Projet d'agence locale au Cameroun : rupture ou complémentarité ?
Originaire du Cameroun et basée entre Paris et Yaoundé, Victoire DJANHAN a présenté, lors de la IVe édition de L'Économie Business Summit à Paris-La Défense (1er-3 juillet), son projet de créer la première agence de notation au Cameroun. Intervenante et modératrice d'un panel sur les financements innovants et durables, elle a expliqué vouloir concevoir une structure dirigée par des acteurs locaux et ajustée aux spécificités économiques et sociales du pays, dans le but d'améliorer l'accès au crédit.
Son parcours professionnel éclaire cette ambition : après vingt-deux ans en Allemagne et des postes dans des gestionnaires d'actifs mondiaux, elle occupe depuis cinq ans un poste de direction commerciale chez Fitch, couvrant trois pays européens. Elle indique toutefois son intention de quitter Fitch en cours d'année pour se consacrer au lancement de l'agence camerounaise.
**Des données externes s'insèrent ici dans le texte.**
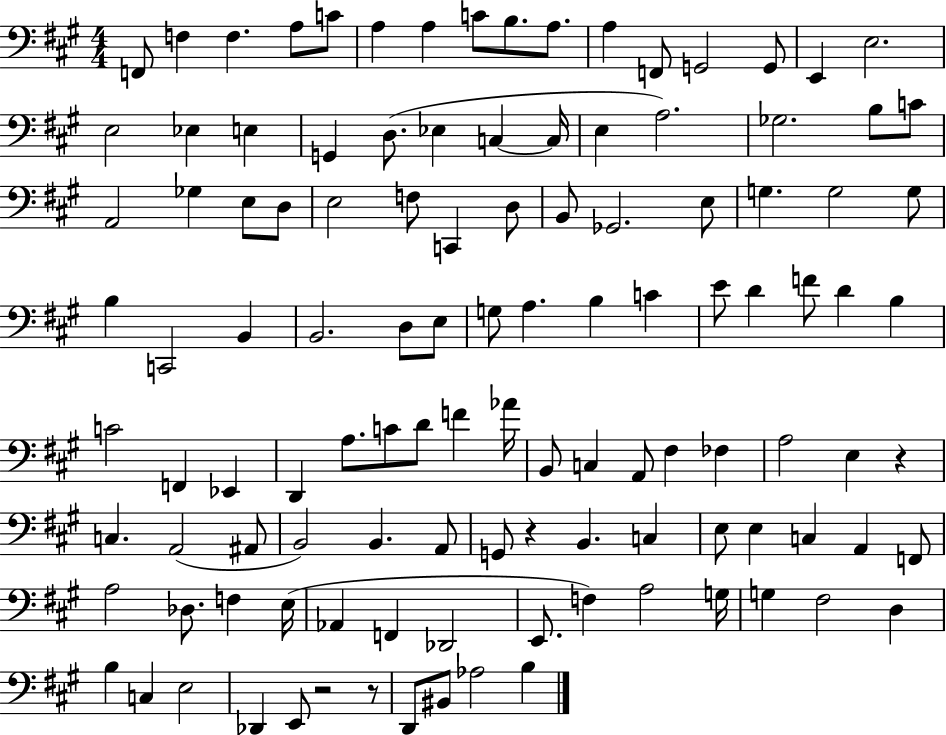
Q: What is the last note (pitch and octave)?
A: B3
Ce mouvement traduit une volonté de transférer des compétences acquises dans les grandes institutions financières internationales vers une structure locale.
Enjeux et conséquences pour les marchés et les emprunteurs
Une agence de notation locale vise, selon la porte-parole, à définir des critères d'évaluation mieux adaptés aux réalités du pays : faiblesse des séries historiques, informalité économique, contraintes institutionnelles. L'objectif annoncé est double : rendre la notation plus compréhensible pour le public et plus pertinente pour les prêteurs, afin de favoriser l'octroi de crédit et de clarifier le prix du risque. Dans un contexte où le coût du crédit et l'accès aux marchés restent déterminants pour le développement, une agence locale pourrait modifier l'équation financière pour entreprises et États.
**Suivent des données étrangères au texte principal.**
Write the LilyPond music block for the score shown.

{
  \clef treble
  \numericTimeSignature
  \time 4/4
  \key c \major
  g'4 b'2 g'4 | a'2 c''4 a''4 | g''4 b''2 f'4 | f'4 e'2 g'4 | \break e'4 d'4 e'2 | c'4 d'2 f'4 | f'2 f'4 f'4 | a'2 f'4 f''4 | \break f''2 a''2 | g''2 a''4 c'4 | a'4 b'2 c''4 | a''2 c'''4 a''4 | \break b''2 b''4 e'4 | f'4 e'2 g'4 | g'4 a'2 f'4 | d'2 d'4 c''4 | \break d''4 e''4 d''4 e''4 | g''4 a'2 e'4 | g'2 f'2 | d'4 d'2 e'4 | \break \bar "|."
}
"Une agence de notation locale faite par des locaux qui comprennent notre environnement"
Le projet pose néanmoins plusieurs questions pratiques et réglementaires : reconnaissance internationale des notations émises localement, gouvernance et indépendance vis-à-vis des influences politiques, capacité à collecter des données fiables. Les grandes agences internationales jouent aujourd'hui un rôle central dans la tarification du risque souverain et corporate ; une initiative nationale devra donc trouver sa place en complément ou en alternative crédible pour attirer investisseurs et prêteurs.
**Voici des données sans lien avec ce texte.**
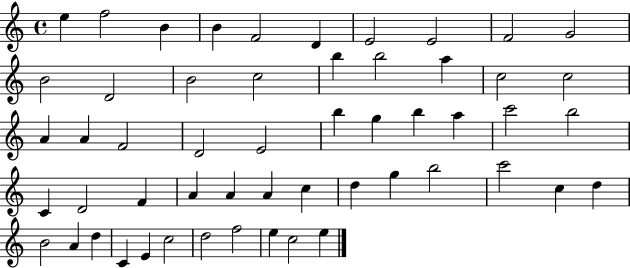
{
  \clef treble
  \time 4/4
  \defaultTimeSignature
  \key c \major
  e''4 f''2 b'4 | b'4 f'2 d'4 | e'2 e'2 | f'2 g'2 | \break b'2 d'2 | b'2 c''2 | b''4 b''2 a''4 | c''2 c''2 | \break a'4 a'4 f'2 | d'2 e'2 | b''4 g''4 b''4 a''4 | c'''2 b''2 | \break c'4 d'2 f'4 | a'4 a'4 a'4 c''4 | d''4 g''4 b''2 | c'''2 c''4 d''4 | \break b'2 a'4 d''4 | c'4 e'4 c''2 | d''2 f''2 | e''4 c''2 e''4 | \break \bar "|."
}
Compétences transférées et timing
L'expérience de la promotrice, acquise au sein d'acteurs tels que Goldman Sachs Asset Management, Crédit Suisse Asset Management et Axa Investment Managers, ainsi que son mandat récent chez Fitch, constituent un capital professionnel important pour structurer la nouvelle agence. Elle parle d'un départ prévu « cette année » pour se consacrer à ce projet, sans fournir de calendrier détaillé lors de l'entretien recueilli par AfricaPresse.Paris.
- Objectif : créer une agence de notation nationale au Cameroun.
- Motivation : adapter les méthodologies d'évaluation au contexte local et améliorer l'accès au crédit.
- Ressorts : transfert d'expérience depuis des institutions financières internationales.
| Élément | Détail |
|---|---|
| Parcours | 22 ans en Allemagne; postes chez Goldman Sachs AM, Crédit Suisse AM, Axa IM |
| Rôle actuel | Directrice commerciale chez Fitch pour l'Allemagne, l'Autriche et la Suisse (depuis 5 ans) |
| Projet | Créer une agence de notation au Cameroun; départ de Fitch prévu cette année |
À l'échelle française et européenne, l'émergence d'agences de notation locales sur le continent africain mérite attention : elle peut diversifier les sources d'information sur la qualité de crédit et influer sur les décisions d'investissement. Pour les autorités publiques et les investisseurs, il s'agira d'évaluer la robustesse méthodologique et l'indépendance de ces initiatives afin qu'elles contribuent effectivement à réduire les asymétries d'information sans remplacer les pratiques de marché éprouvées.
L'entretien, publié par AfricaPresse.Paris et réalisé par Bruno Fanucchi, offre une fenêtre sur une dynamique où compétences internationales et volonté d'autonomie financière locale se rencontrent. Le succès d'un tel projet dépendra autant de la qualité technique des notations que de la confiance qu'y accorderont bailleurs, banques et investisseurs privés.